§ **The task**:
All of the listing, from first line to last, should be output exactly; the pictures stay out.

§ **Given information**:

# # #

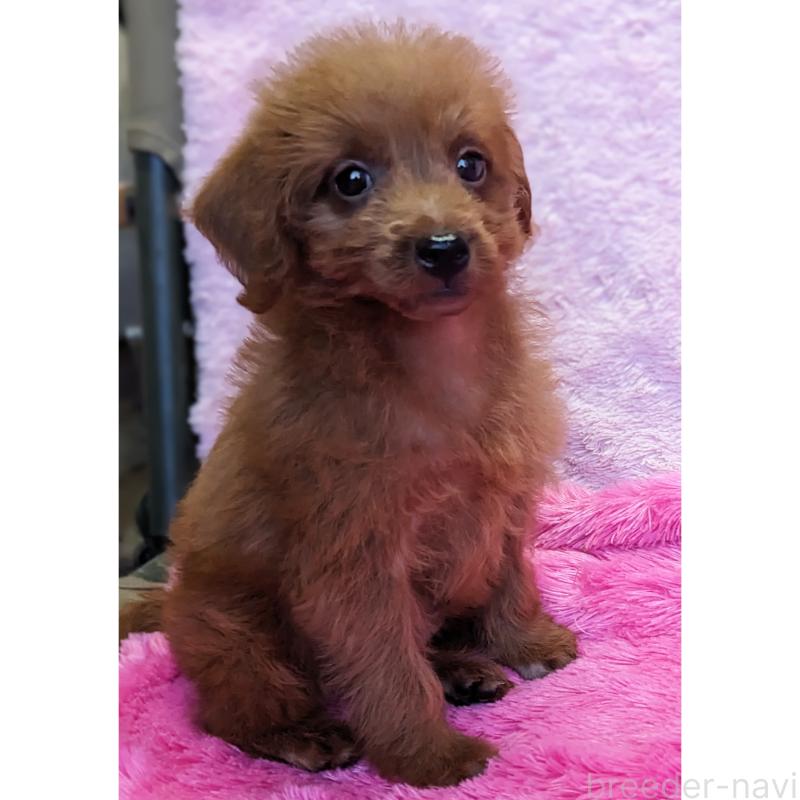 販売中の静岡県のミックス犬-416359の10枚目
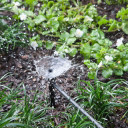 Raindrip Full Circle Fan Spray Bubbler on Stake - 5"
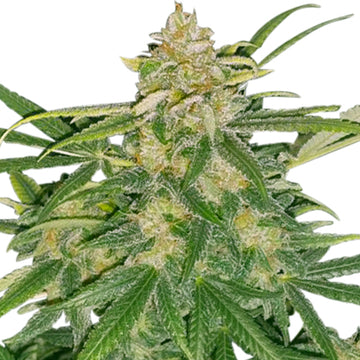 Critical Mass CBD Autoflower Hemp Seeds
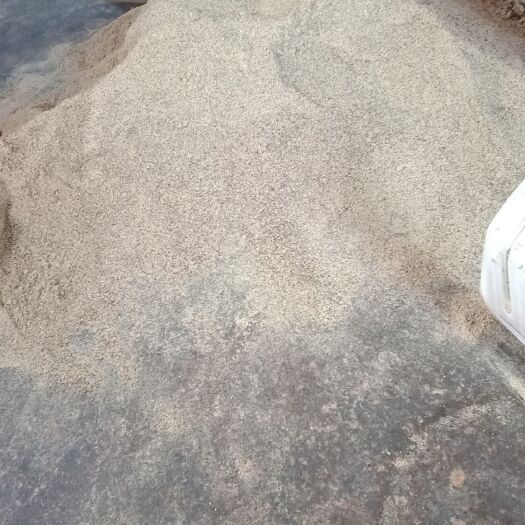 东源县野生山茶油 绝，天然，假一赔千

# # #

§ **Solved problem**:
 販売中の静岡県のミックス犬-416359の10枚目
 Raindrip Full Circle Fan Spray Bubbler on Stake - 5"
 Critical Mass CBD Autoflower Hemp Seeds
 东源县野生山茶油 绝，天然，假一赔千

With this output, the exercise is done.